On the subject of incentives, I agree with you and that is a big part of why I am a left winger.
Corporations do a lot of good (they can drive up wealth and productivity, and with it quality of life). But their incentive is to only pursue short term profits which is good in some situations, but not in others. Some of the advances we need as a society are counterproductive or irrelevant to the immediate profit motive. I do not find the profit motive immoral or evil, however I do not think that an unmanipulated profit motive alone is enough incentive to solve humanities biggest problems. Things like functioning infrastructure, basic science, quality education, etc benefit society as a whole by increasing productivity. However there is sometimes little profit motive in pursing these things, which is why you need the public sector to step in and manipulate the market. Pursuing profits works with consumer electronics, but not so much with energy since sustainable alternatives require large amounts of R&D before they are cost competitive with polluting energies like coal. Wind power is now cost competitive with coal (and as a result grows at 20%+ a year in the US & China because the profit motive is there now). However it took decades of research, largely from the public sector, for wind power to become cost competitive with coal. The profit motive alone would’ve meant 2009 would be a world where wind power was still 50 cents a KWH instead of the $0.03-0.06 it is now.

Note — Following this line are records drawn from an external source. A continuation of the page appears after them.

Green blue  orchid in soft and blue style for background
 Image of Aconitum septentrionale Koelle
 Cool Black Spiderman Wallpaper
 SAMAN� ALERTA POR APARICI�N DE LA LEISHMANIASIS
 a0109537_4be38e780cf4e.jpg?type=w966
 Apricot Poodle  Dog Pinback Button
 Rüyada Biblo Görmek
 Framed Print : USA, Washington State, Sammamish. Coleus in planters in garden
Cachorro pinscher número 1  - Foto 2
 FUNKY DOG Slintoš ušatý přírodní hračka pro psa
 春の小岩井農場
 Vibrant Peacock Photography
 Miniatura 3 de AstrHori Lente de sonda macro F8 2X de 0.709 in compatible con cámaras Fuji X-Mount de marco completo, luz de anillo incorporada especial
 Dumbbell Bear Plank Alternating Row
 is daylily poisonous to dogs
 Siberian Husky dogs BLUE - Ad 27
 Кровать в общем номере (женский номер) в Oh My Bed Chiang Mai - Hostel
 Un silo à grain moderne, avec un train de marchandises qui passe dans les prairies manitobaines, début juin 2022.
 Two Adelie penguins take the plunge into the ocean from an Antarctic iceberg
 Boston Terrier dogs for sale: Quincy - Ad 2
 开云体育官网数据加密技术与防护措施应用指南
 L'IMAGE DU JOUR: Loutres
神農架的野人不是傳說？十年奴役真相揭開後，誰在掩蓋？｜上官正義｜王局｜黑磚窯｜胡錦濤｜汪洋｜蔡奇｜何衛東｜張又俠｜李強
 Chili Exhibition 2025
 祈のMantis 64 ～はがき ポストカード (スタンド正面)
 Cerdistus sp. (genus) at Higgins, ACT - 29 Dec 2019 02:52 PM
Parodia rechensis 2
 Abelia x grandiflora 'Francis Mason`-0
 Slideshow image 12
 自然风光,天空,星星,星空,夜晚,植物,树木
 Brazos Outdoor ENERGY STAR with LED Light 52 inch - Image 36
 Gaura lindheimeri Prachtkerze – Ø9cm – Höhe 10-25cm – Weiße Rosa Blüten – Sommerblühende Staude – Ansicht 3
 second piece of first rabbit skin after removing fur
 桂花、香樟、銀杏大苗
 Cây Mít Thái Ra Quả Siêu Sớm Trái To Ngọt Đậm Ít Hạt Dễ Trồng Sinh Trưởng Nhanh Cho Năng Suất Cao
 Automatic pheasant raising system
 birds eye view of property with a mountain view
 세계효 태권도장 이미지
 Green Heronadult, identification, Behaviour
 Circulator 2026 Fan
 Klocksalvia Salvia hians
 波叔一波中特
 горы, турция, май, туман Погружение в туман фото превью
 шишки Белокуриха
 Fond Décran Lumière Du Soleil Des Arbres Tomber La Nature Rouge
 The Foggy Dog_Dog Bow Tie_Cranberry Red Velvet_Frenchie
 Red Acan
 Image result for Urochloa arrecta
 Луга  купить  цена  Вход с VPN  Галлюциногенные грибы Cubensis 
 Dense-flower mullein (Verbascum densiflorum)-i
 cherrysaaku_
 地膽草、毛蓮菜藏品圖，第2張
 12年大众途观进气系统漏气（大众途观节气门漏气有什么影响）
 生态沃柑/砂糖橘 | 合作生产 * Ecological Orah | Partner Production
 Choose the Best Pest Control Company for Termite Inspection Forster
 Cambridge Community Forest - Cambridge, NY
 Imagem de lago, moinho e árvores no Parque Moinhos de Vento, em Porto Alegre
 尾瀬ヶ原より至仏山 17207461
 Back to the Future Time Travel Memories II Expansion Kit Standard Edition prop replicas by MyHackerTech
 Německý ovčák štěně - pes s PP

It is cheaper to dump toxins in a lake or the air than to purify them. And slave labor is cheaper than a living wage. And monopolies work better than competition. Outsourcing all the negatives of capitalism onto things other than the producers is highly incentivized. So unless the market is regulated with positive and negative incentives to force industry to work in humanities best interests, capitalistic democracy is doomed to descend into oligarchy and plutocracy with a handful of well off people and tons of struggling people. There are no wealthy, developed democracies with unregulated capitalism.
So on the issue of incentives, I agree with you that incentives motivate behavior. But as an example one of the things Obama has called for is more tax credits to small businesses and to R&D, both of which I agree with since that increases incentives.
As far as information, I agree and the internet has opened up the prospects and potential of decentralized information. My limited understanding is that planned markets tend to fail. However there are issues like R&D where the public sector can and does do good. Public R&D into science and medicine is not a bad thing. Talent is talent. Some of the smartest people I knew worked in the public sector (they were professors of science at public 4 year universities). Most of their incomes came from the public sector in one way or another since public tertiary education is largely funded via public funds. I don’t support centrally planned market economies, but I do support public incentives to manipulate R&D and industry to work in the best interest of humanity.
With your example of France and how people fight for the spoils, the fact is that GDP growth in France vs. the US are fairly similar. I think you are Canadian, which is even to the left of the US, but I believe the US has one of the most right wing economic policies of developed nations. So even with the stronger regulations and welfare system in France, their GDP growth is similar to the US’s with our weaker regulations and welfare.
I think you are arguing about a more theoretical version of socialism, more to the left of me. I am a socialist, but I’m more of a left winger by European or New England standards than an out and out Soviet communist. I am for market economics, but I think there needs to be regulation to force the market to act in a way that is humane, sustainable and improves quality of life.